The Impacts of Live Chat Expressions on Service Refunds in Online Crowdsourcing Platforms

Fangze Dai, Lingfeng Dong, Liqiang Huang, and Yu Tu
International Journal of Electronic Commerce,
Volume 29, Number 1, 2025, pp. 99-130.


Abstract:

Successful service refund processes in online crowdsourcing platforms require ongoing communication and negotiation between workers and requesters, mostly facilitated by live chat. This study explores how workers’ live chat expressions affect the likelihood of a service refund request in online crowdsourcing platforms. We rely on a unique archival dataset, which includes 35,178 orders with 1,597,305 live chat recordings of 33,140 requesters and 1,351 workers on a major Asian crowdsourcing platform, to test the research model. The findings show that, overall, requesters’ likelihood of seeking a refund is negatively impacted by workers’ affective expressions, such as politeness intensity and sentiment intensity.
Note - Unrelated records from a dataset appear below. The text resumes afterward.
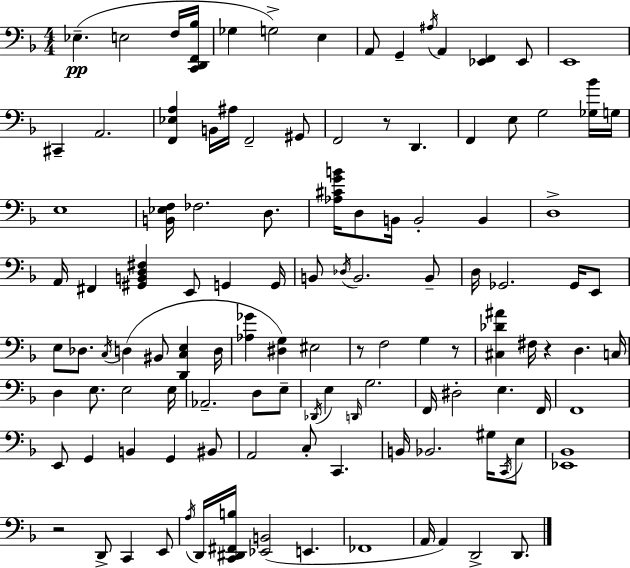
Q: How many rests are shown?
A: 5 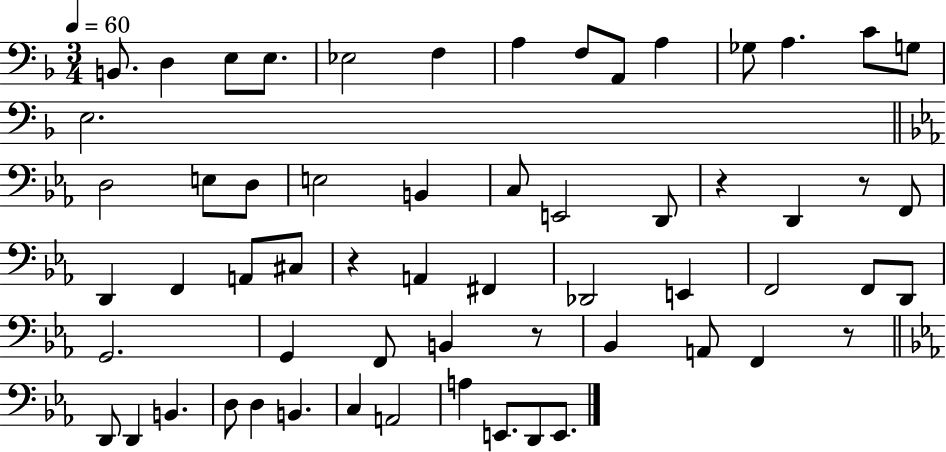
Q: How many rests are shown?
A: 5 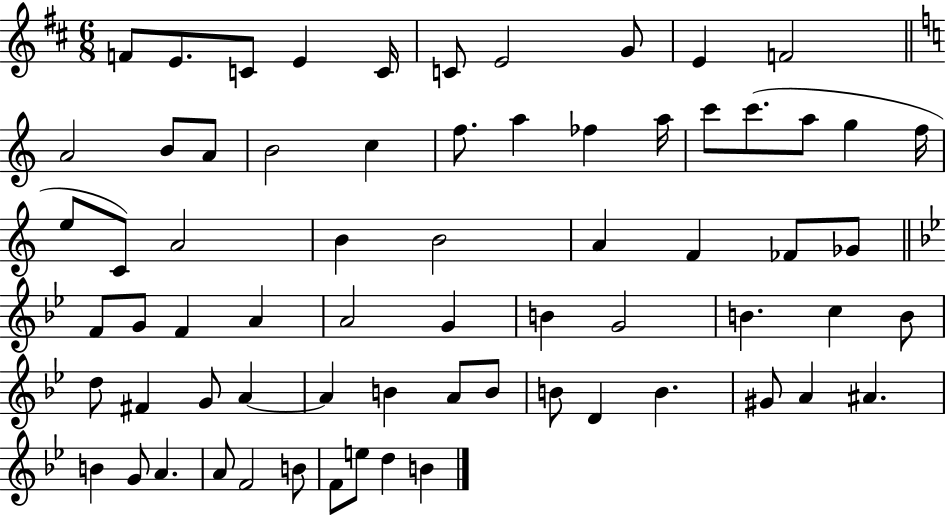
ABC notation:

X:1
T:Untitled
M:6/8
L:1/4
K:D
F/2 E/2 C/2 E C/4 C/2 E2 G/2 E F2 A2 B/2 A/2 B2 c f/2 a _f a/4 c'/2 c'/2 a/2 g f/4 e/2 C/2 A2 B B2 A F _F/2 _G/2 F/2 G/2 F A A2 G B G2 B c B/2 d/2 ^F G/2 A A B A/2 B/2 B/2 D B ^G/2 A ^A B G/2 A A/2 F2 B/2 F/2 e/2 d B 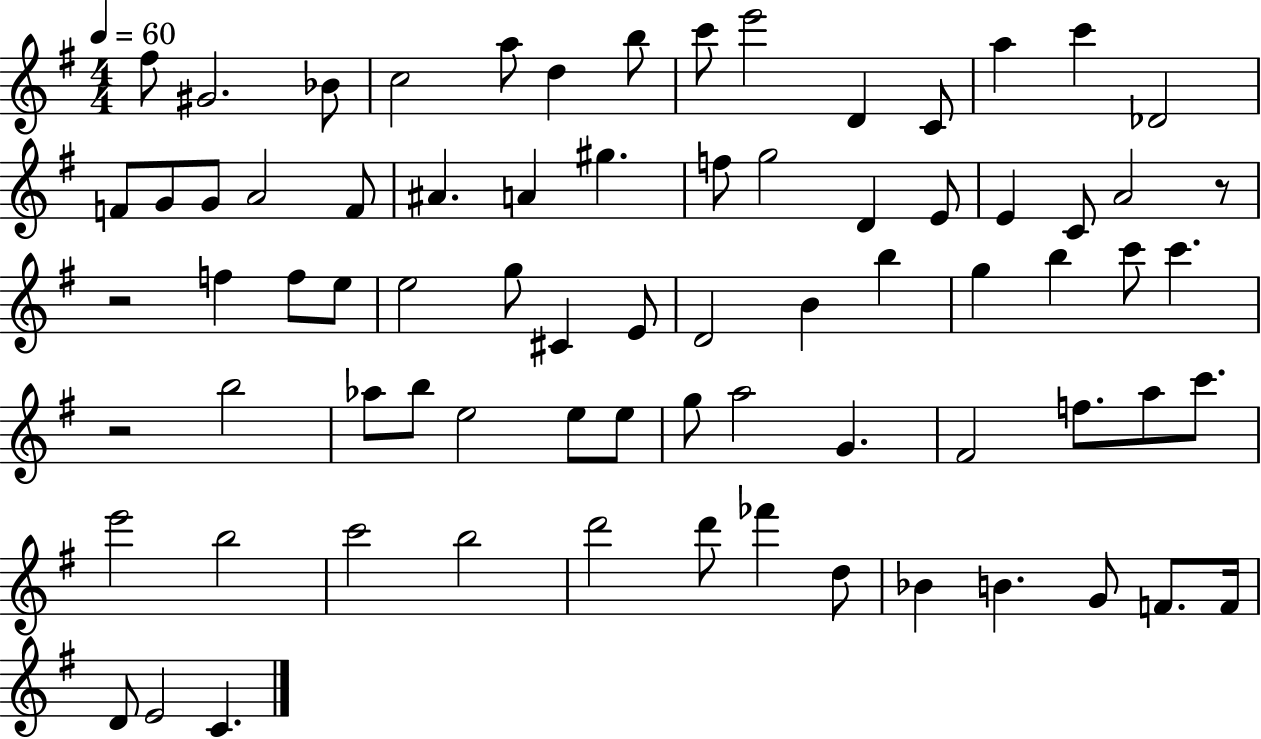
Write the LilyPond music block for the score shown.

It is generally positively impacted by workers’ cognitive expressions manifested by the amount of information and response time. Delving more deeply, we further observe that the impact of workers’ amount of information varies across different decision stages. Specifically, in the prepurchase stage, the amount of information provided by workers exhibits a U-shaped effect on refund requests, while in the postpurchase stage, it has a consistently positive linear effect. This suggests that information has varying roles at different stages in shaping refunds. Moreover, we identify that business familiarity weakens the relationship between the amount of information and refund requests, but strengthens the impact of sentiment intensity on refund requests. However, it typically does not significantly moderate the effects of response time and politeness intensity. This study contributes to the literature by empirically demonstrating how different live chat expressions, that is, cognitive and affective, and business familiarity influence refund requests across transaction stages on online crowdsourcing platforms, offering new insights into service refund dynamics and communication strategies.